__DATA RECORDS__:
BEGIN

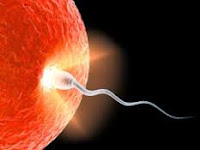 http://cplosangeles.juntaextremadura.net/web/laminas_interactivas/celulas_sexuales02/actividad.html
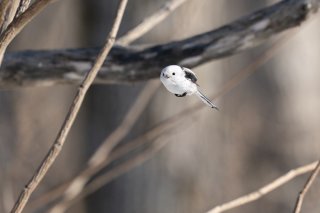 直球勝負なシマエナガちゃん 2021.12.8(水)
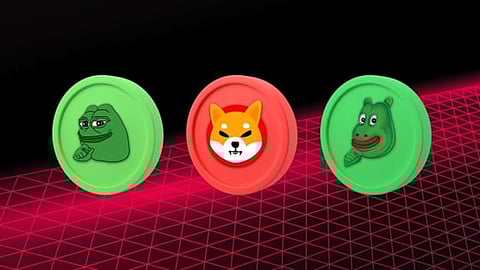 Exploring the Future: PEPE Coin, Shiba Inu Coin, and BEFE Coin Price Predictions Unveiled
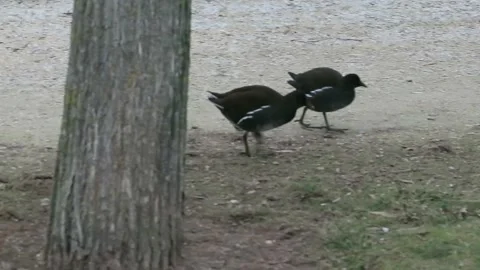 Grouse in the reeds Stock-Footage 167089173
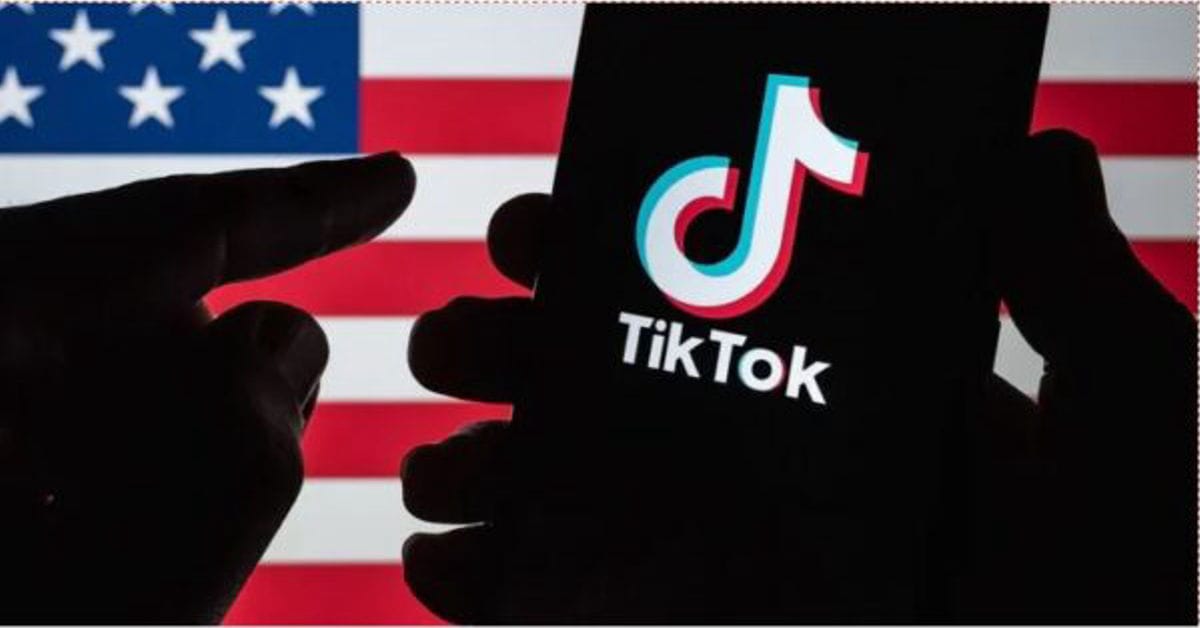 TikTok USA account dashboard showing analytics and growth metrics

END
BEGIN

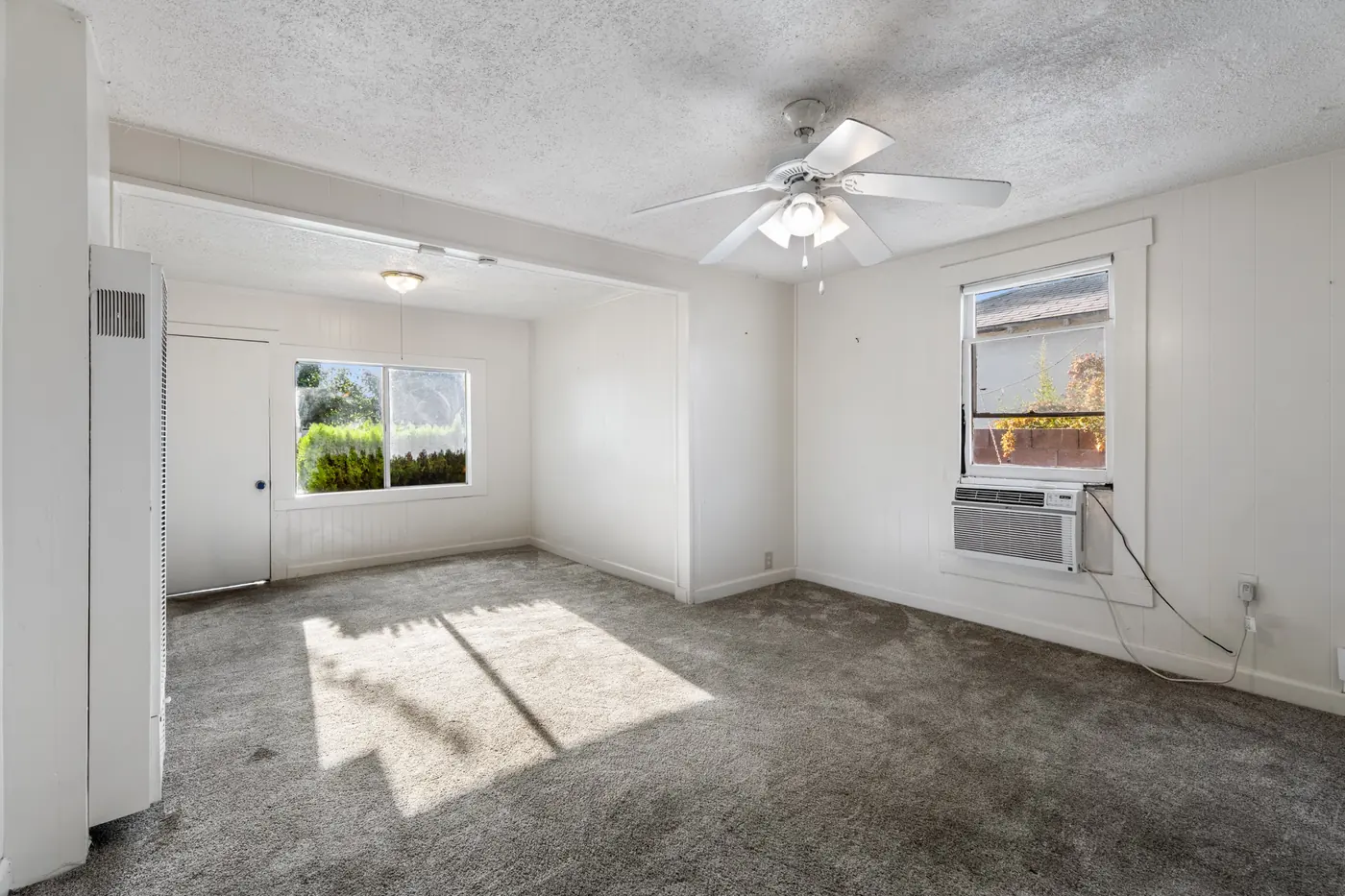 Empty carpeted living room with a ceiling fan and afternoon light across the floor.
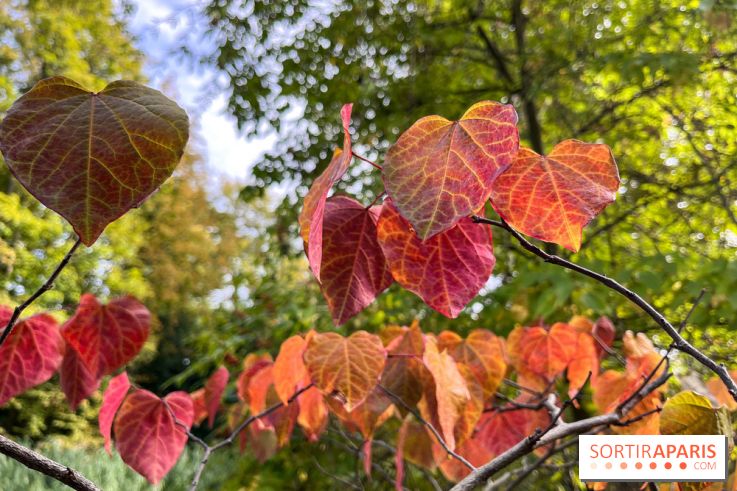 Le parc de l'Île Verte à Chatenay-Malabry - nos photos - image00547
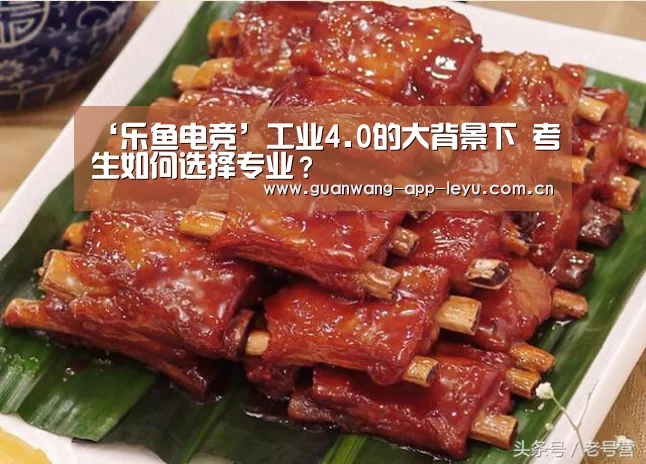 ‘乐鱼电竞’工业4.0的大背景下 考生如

END

An exact copy is needed of the entries above, starting at the line that holds "Grouse in the reeds Stock-Footage 167089173" and stopping at the line that holds "TikTok USA account", both kept; pictures stay out.

__WRITTEN REPLY__:
 Grouse in the reeds Stock-Footage 167089173
 TikTok USA account dashboard showing analytics and growth metrics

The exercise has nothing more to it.